As of 2021, the curriculum of higher secondary section, affiliated by WBCHSE, consisted of Arts and Science streams.

==Organisation structure==

List of headmasters of Baranagore Ramakrishna Mission Ashrama High School according to their working period:

| List of headmasters of Baranagore Ramakrishna Mission Ashrama High School |
| * Swami Umananda * Swami Ramananda * Swami Jayananda * Swami Girutmananda * Swami Biswanathananda * Swami Bidhanananda * Swami Sukhananda, 2003–2010 * Swami Gyanalokananda, 2010–2011 * Swami Kalyaneshananda, 2011–2014 * Swami Dharmapriyananda, 2014–2020 * Swami Mahamritananda, 2020–2024 * Swami Suratmananda, 2024–Present *
Swami Tathagatananda was the head during the period 1975 – February 1977. |

==Student life==
===Academic===
Students are highly influenced by the faith and philosophy of Ramakrishna at this school.
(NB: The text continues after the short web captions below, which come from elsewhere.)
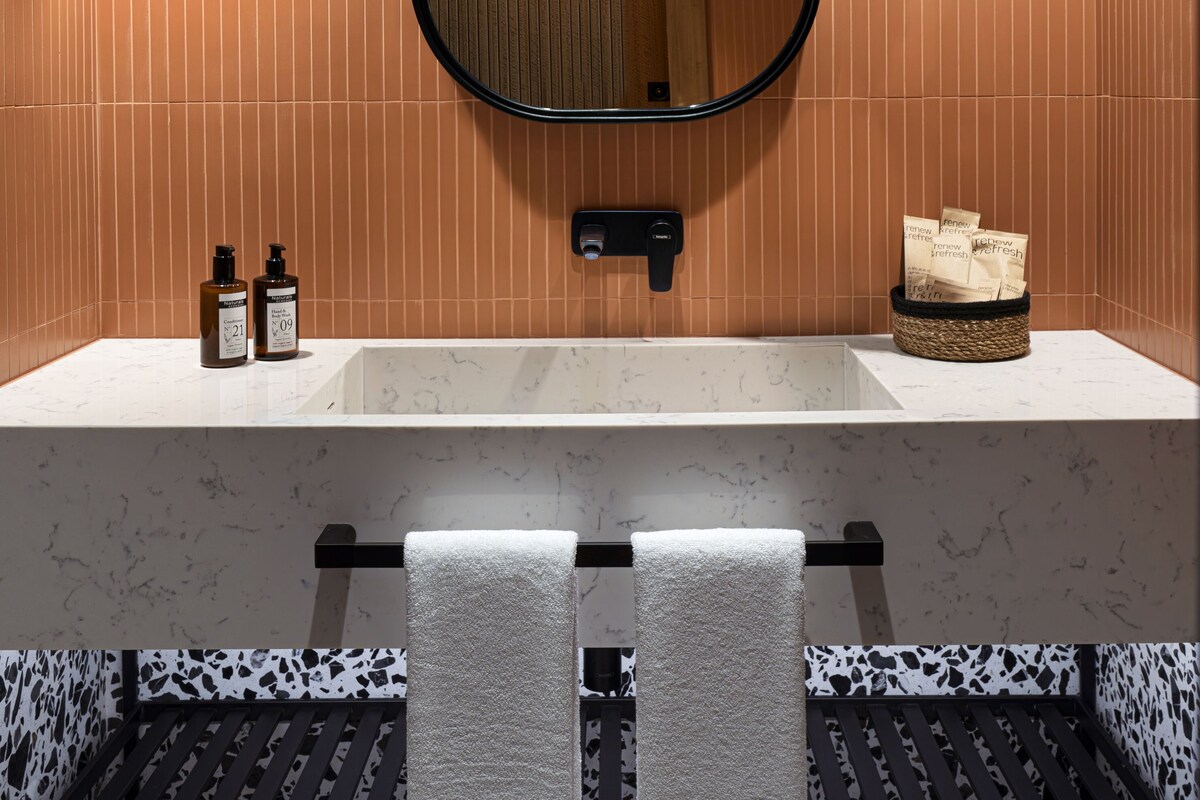 Un baño moderno con un espejo grande, dos botellas de champú y un perchero para toallas.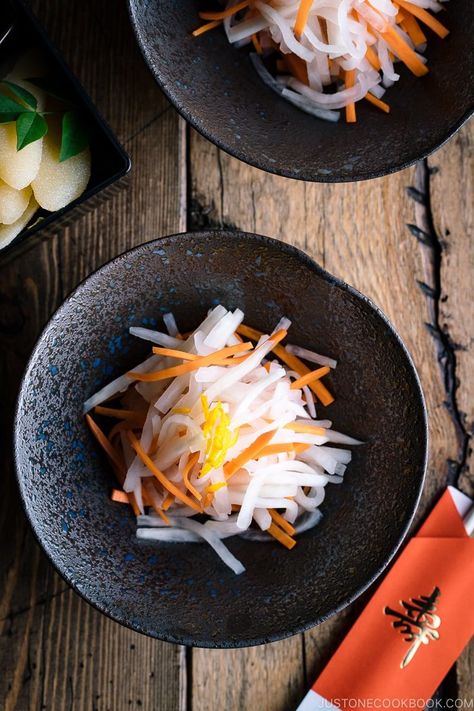 Julienned daikon and carrot pickled in a sweet vinegar sauce, Namasu is a refreshing salad commonly served as a Japanese New Year’s dish. It has a bright and zesty flavor that you'll love! #japanesenewyear #osechi #japanesefood #salad #sidedish | Easy Japanese Recipes at JustOneCookbook.com Japanese New Year Food, Sweet Pickles Recipe, Daikon Recipe, Pickled Carrot, Vinegar Sauce, Easy Japanese Recipes, Japanese New Year, Pickled Carrots, Radish Salad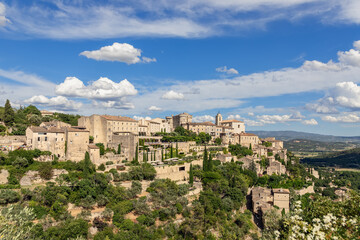 Fototapeta na wymiar Green calcareous rock and antique tiny village of same name Gordes on prominent point over Luberon valley. Vaucluse, Provence, Alpes, Cote d'Azur, France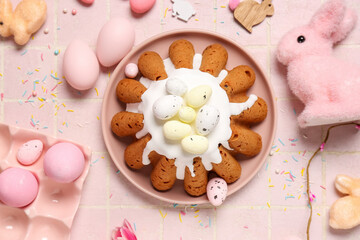 Plate of sweet Easter bread with eggs and rabbits on pink tile background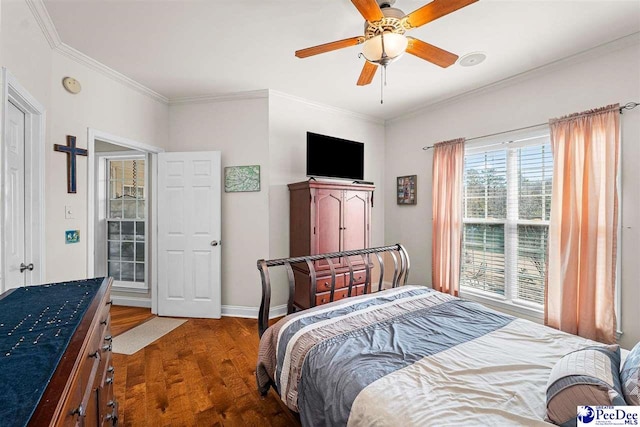 bedroom with baseboards, ceiling fan, wood finished floors, and crown molding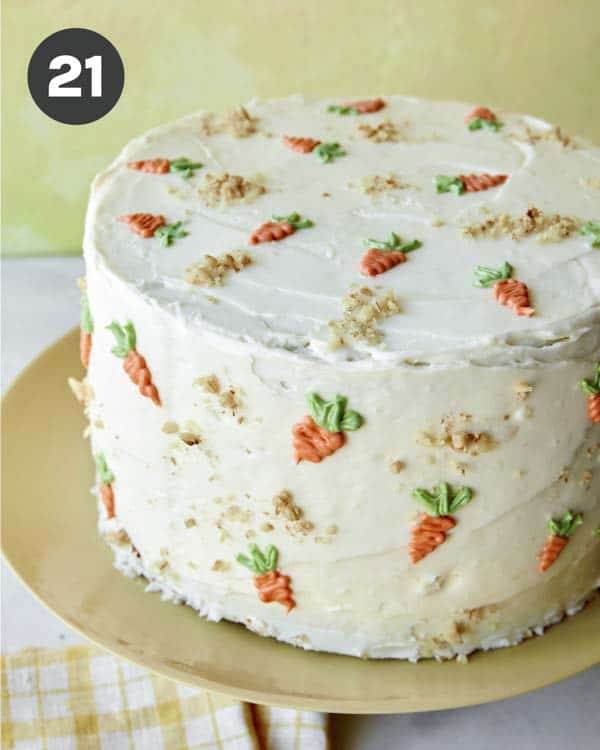 Carrot cake with mini carrots piped on it.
Former student Shiboprosad Mukherjee said:

In our school, we used to have a special class on religion, and we weren't a big fan of the class. Whenever we got an opportunity, we would bunk classes. But one particular lesson in that class moved me to the core and changed my whole perception about religion. It can be anything and any philosophy.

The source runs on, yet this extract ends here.